Elle avait été de Lunes en Lunes, brûlant aux quatre vents encens et bougies. Elle avait marché sur les tapis de mousse imbibés d’eau, elle avait été saluer le hongre blanc sous la Lune Rousse, elle avait rendu hommage aux 9 Sages, elle avait parcouru la forêt, traversé les rivières, salué les ondines… Et elle s’était épanchée. Elle avait tout confié, le cœur battant et l’espoir intense, chevillé au corps.
Elle avait poursuivi son chemin, grandit et réfléchit. Le temps filait, au gré des saisons. Elle attendait, oh ça ! La patience elle en avait. Nul doute, c’était un sacré don. Elle noircissait régulièrement cahiers et feuillets, elle lui avait tant écrit que son âme était nue, totalement.
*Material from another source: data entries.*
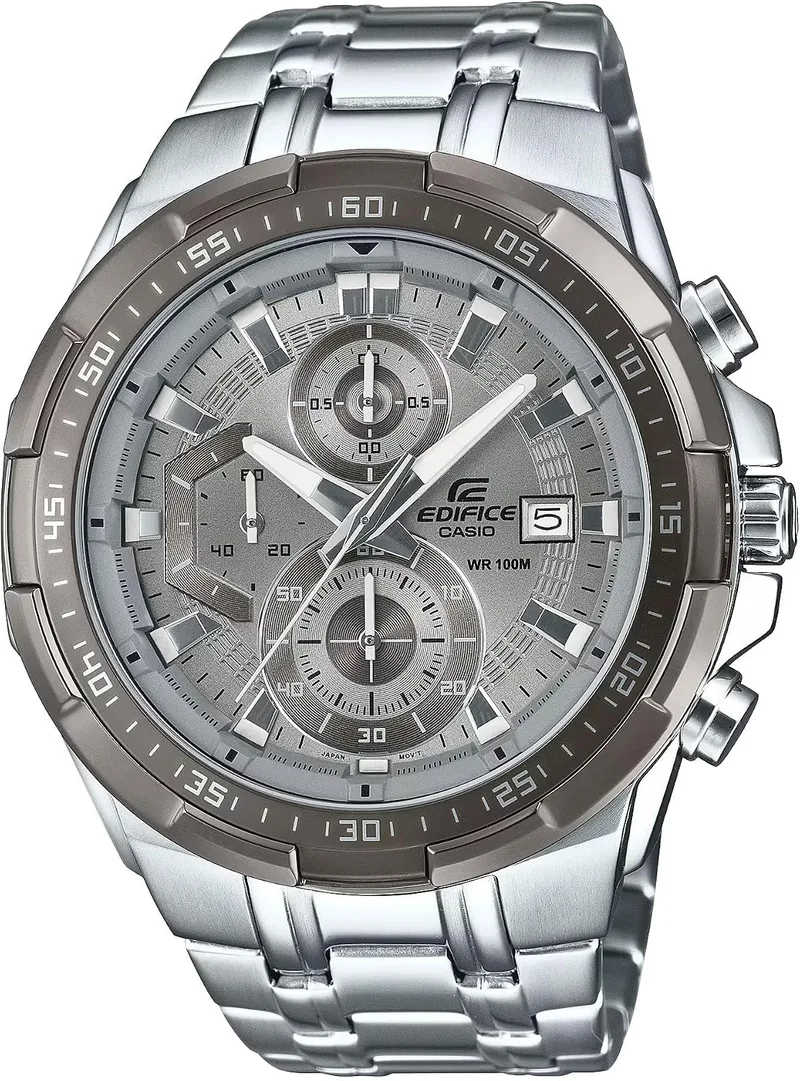 Casio ▫️ 03 Edifício
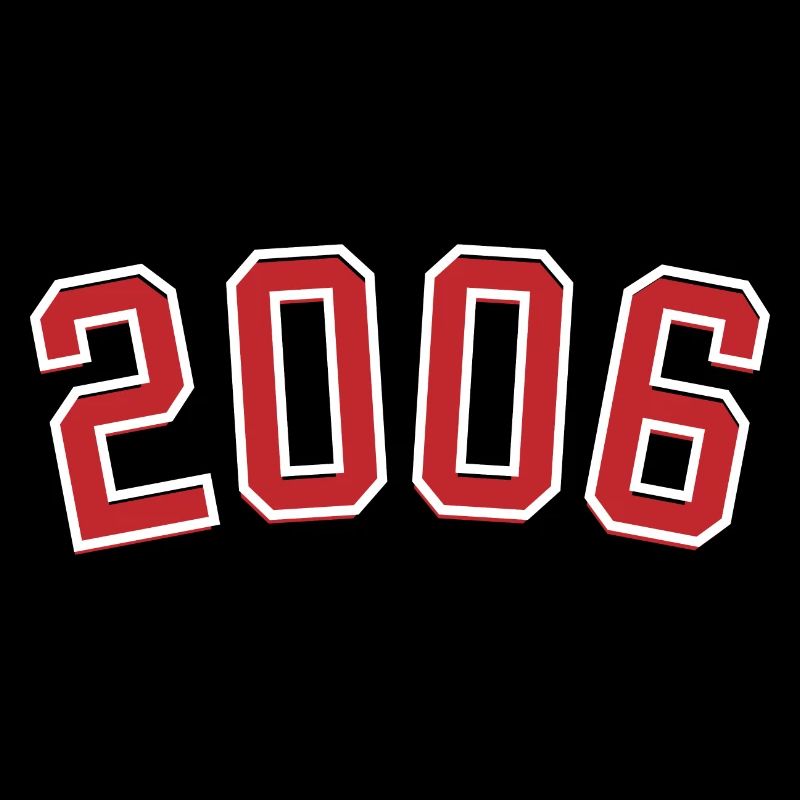 Année de naissance sport 2006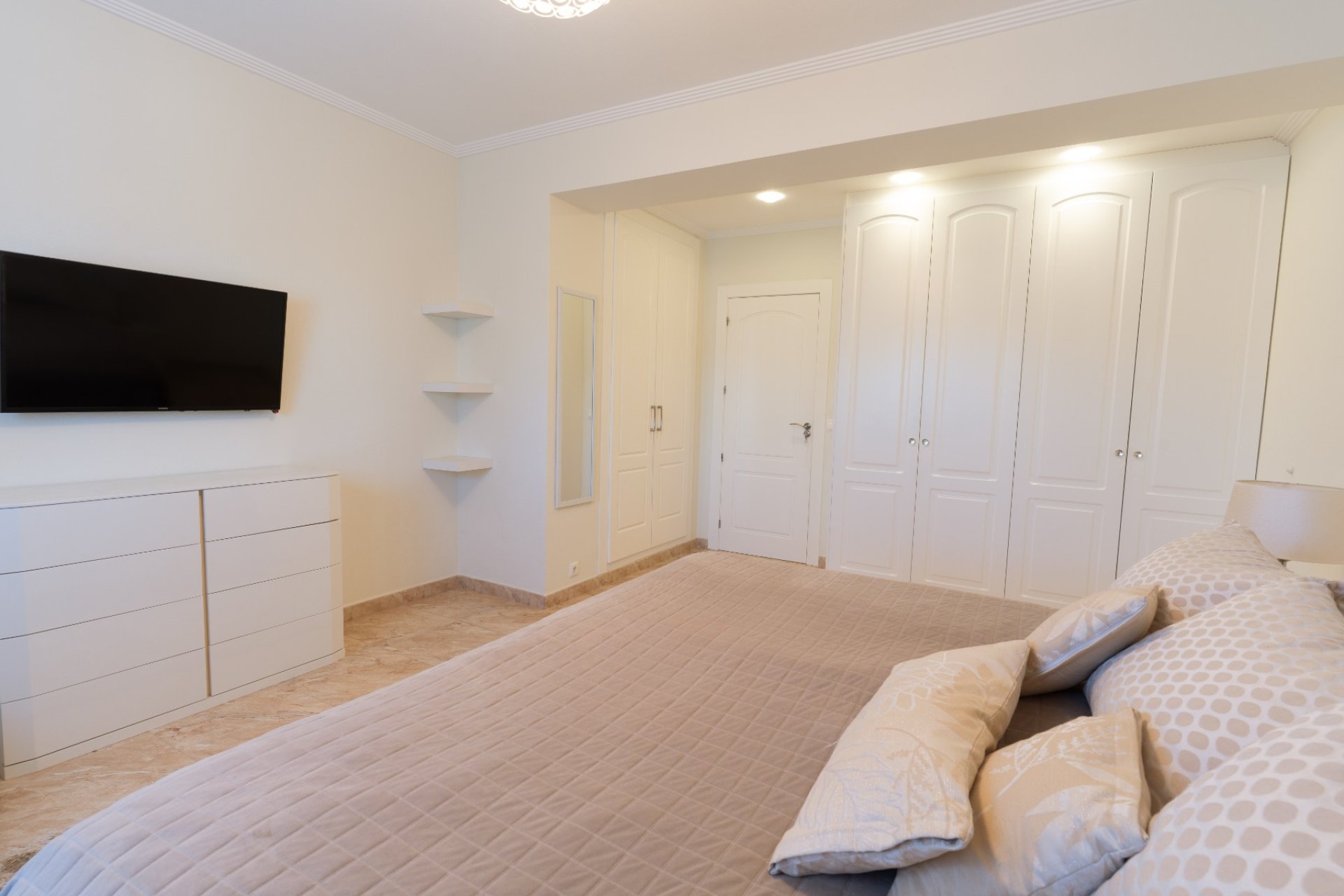 Reventa - Villa / Semi detached - Torrevieja - Los Balcones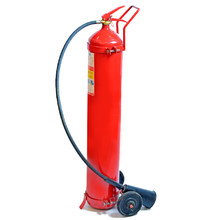 Огнетушитель ОУ-10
Face au silence elle ne cherchait pas : on ne s’entend jamais mieux que sans bruit parasite.
Et puis il y avait eu ce sentiment. Infime au départ, un petit rien. Une supposition, un simple constat. Mais l’évidence était là. La confirmation vint plus tard, sans qu’elle n’apporte rien. Elle s’était observée et son attention s’était alors portée sur tous ces aspects habituellement ignorés. Elle regarda son corps vieillissant, ses mains toujours fines, ses articulations qui manquaient de souplesse, ses cheveux nervés de blanc, son menton qui s’affaissait doucement, les marques qui racontaient sa vie de femme, disséminées ici et là. Ses seins lourds et tombant, sa minceur malgré tout. Mais rien de tout ça ne lui était inconnu, non. Elle en avait dressé la liste et la tenait à jour comme elle tenait ses livres de comptes. Non, ce fut son regard éteint, toute joie morte qui la troubla.
Qui était-il, qui étaient-ils pour lui voler son étincelle de vie ?
Cette question la laissa perplexe. Elle se fit attentive, écouta les récits des autres, croisa leurs témoignages et se rendit à l’évidence : inutile d’en quitter un pour courir après l’autre. Il fallait rompre le schéma, casser cette spirale qui la ramenait encore et encore dans des rets douloureux. Oh certes ! Si brillants, si perlés de douces gouttelettes aux reflets arc-en-ciel, si attractifs : comme autant de miroirs aux alouettes. Mais elle avait traversé le voile, il lui fallait maintenant déchirer la toile dans son ensemble.
Un pas. Un autre. Un stylo, du papier, encore… Et les mots pour chasser les maux. Douleurs. Son âme hurlait, sa louve tournait en rond comme affolée. Se défaire des uns, s’alléger des autres et faire un grand ménage de printemps. Choisir ses proches. Faire de tri, laisser derrière soi les menteurs, les diseurs de bonne aventures. En cas de doute : se relire. La réponse est dans les textes (en vrai, sur ce forum 😉 ) et ne pas oublier : les lignes de temps ne sont pas linéaires, justement ! Celle qui parle peut prendre de la graine de celle qui a parlé. La jeunette disposait également de bon sens, d’une certaine clairvoyance.
Accepter. Pleurer. Lâcher. Complètement. Aller jusqu’au bout. Poster cette fichue lettre et se dire que ça y est, liberté chérie me voilà ! Seule. Absolument, complètement et totalement seule. Mais nulle libération ne vient sans que les attaches ne soient coupées. Toutes les attaches. Et certaines traversent les incarnations semble-t-il.
Alors une nouvelle quête s’amorce, un nouveau défi. Avec encore de l’énergie à déployer, encore des secondes, minutes, heures, jours ou peut-être bien des mois à passer. Se faire à l’idée. Non pas se résigner mais refuser ! Net. Et s’y tenir. Sans s’énerver, sans oublier qu’il y a un fantastique cadeau derrière cela.
Mais bazar, que le prix de la Transformation est élevé.